9 Responses to Data.gov is already broken — just like everything before it

  1. Link rot is like foot fungus. Potential is always there, sure, but the cause is poor hygiene. (@sgillies).

  2. Archie Belaney says:

    Last spring, agencies threw whatever was handy onto Data.gov to answer the mail from the newbie politicals. They hated doing it, that’s why most of the content was/is marginally interesting.

    You know what comes next?

    “It’s not my job”

    Sigh.

    BTW – let’s ask OMB how much money has gone into GOS in the past years, and what the hit rate is on that dreadful cobweb. Might be fun to file a FOIA request to the USGS for hit statistics, normalize out the bots and see what’s left.

    Betcha it’s tens of hits from ‘real’ users every month and tens of thousands of hits from Google’s bots looking to scrape content.

  3. wow says:

    wow – not getting any action james? – one broken link and you pronounce the end of data.gov – the cloud – soa and the whole internet thing… how about just sending an email letting them know there is a broken link.

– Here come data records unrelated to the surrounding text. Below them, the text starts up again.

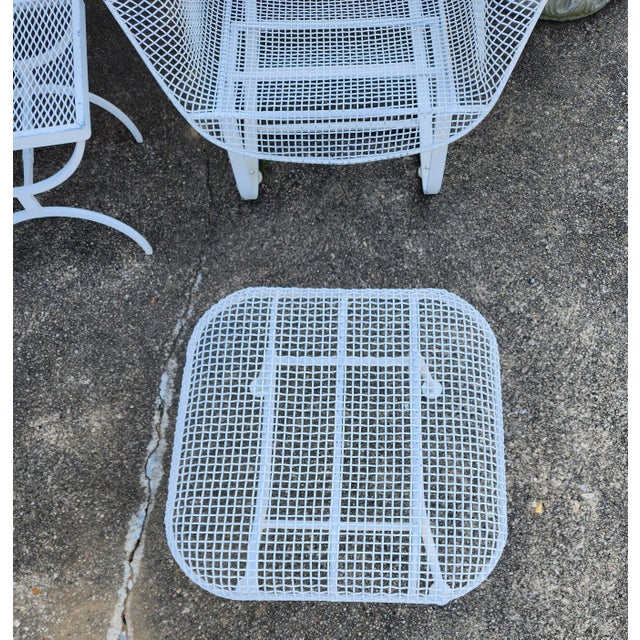 1950s Russell Woodard Sculptura Mesh Wrought Iron Bouncer Lounge Chairs and Footstools, Attributed - 5 Pieces For Sale - Image 9 of 18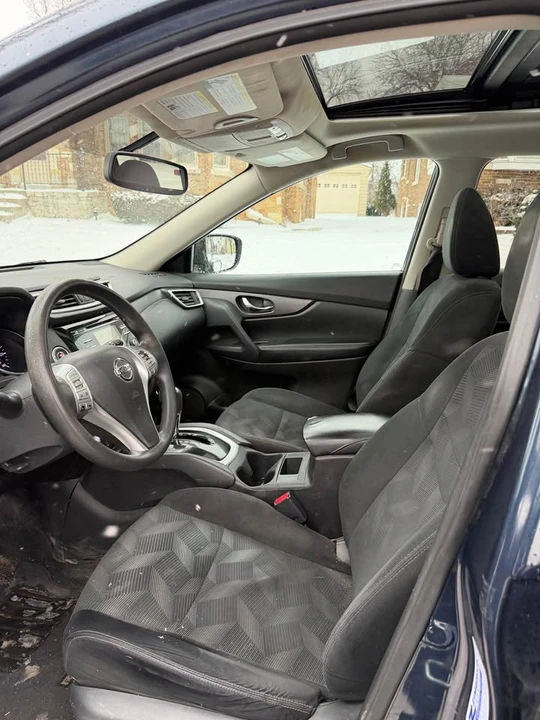 2015 Nissan Rogue - Image 5 of 8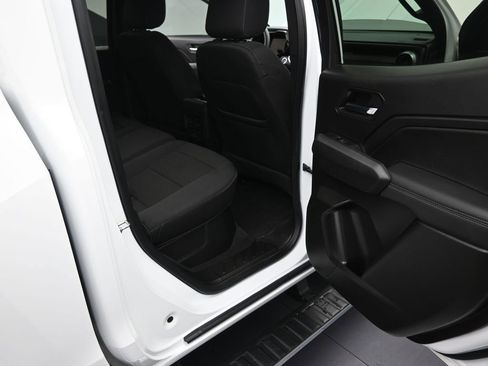 Used 2024 Chevrolet Colorado LT w/ LT Convenience Package image 15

    • Archie Belaney says:

      Huh.

      Wow, apparently you’re not an active user of either data.gov or GOS. Have you ever used either? You also appear not to have understood the post…the point is, Wow, that the site should have been set up so folks in the user community [don't] have to send emails to prod the admin to keep it running right.

      Data.gov is just another lipstick-slathered, porcine PR blast that’s another DC-irrelevancy-in-the-making. Honestly, expecting a government agency to post information that would make them accountable and be shared with others…

      Methinks thou doth protest too much, Wow.

      Now go fix those links.

  4. AlbertW says:

    I was working on a project last month and ran into a couple broken links (csv data, not shp). I can’t find them in my browser cache so I’ll see if I can find them when I get into work tomorrow.

    I hadn’t heard of the term link rot before, but I think this is going to be a huge problem with Data.gov moving forward.

  5. Dave Smith says:

    Federal agencies need coherent policies, and a consistent means of publishing, organizing, accessing and cataloging data and metadata. These efforts, GOS and Data.gov are a work in progress, presumably to be combined at some point and further improved.
    With GOS, the service status checkers are supposed to ping the assets to check them. That capability can and should be bolstered – along with better ways to manage data and metadata lifecycle.
    Did you post a suggestion to have data.gov periodically check the status and availability of posted assets to the ideascale site that was set up to solicit comments and suggestions? → http://datagov.ideascale.com/

    • Lefty says:

      Dave, other than your link to that ideascale.com site, how would an average user know to go there to give feedback?

      • Dave Smith says:

        I knew about the IdeaScale from working as a federal contractor involved in agencies, with feds who are working on getting their data submitted to Data.gov – I’d agree, it probably wasn’t as broadly communicated as it should be, it’s likely just the metadata wonks like me who have been tracking it – though the feds have used various IdeaScale sites for soliciting various comments and ideas for a year or so now. The IdeaScale site should be posted on their main Data.gov site and communicated via other means as well. That’s another suggestion that needs to be posted…

      • Dave Smith says:

        In checking the Data.gov site, there is in fact a link to the ideascale site – on the right hand of the Data.gov page, it says:

        Join the Dialogue

        When Data.gov launched last May, we promised to evolve this initiative with the public. We are taking that step, asking for your review and input on the design document and soliciting your ideas. Read More.. 

        Clicking that link, in turn, takes you to the data.gov ideascale site.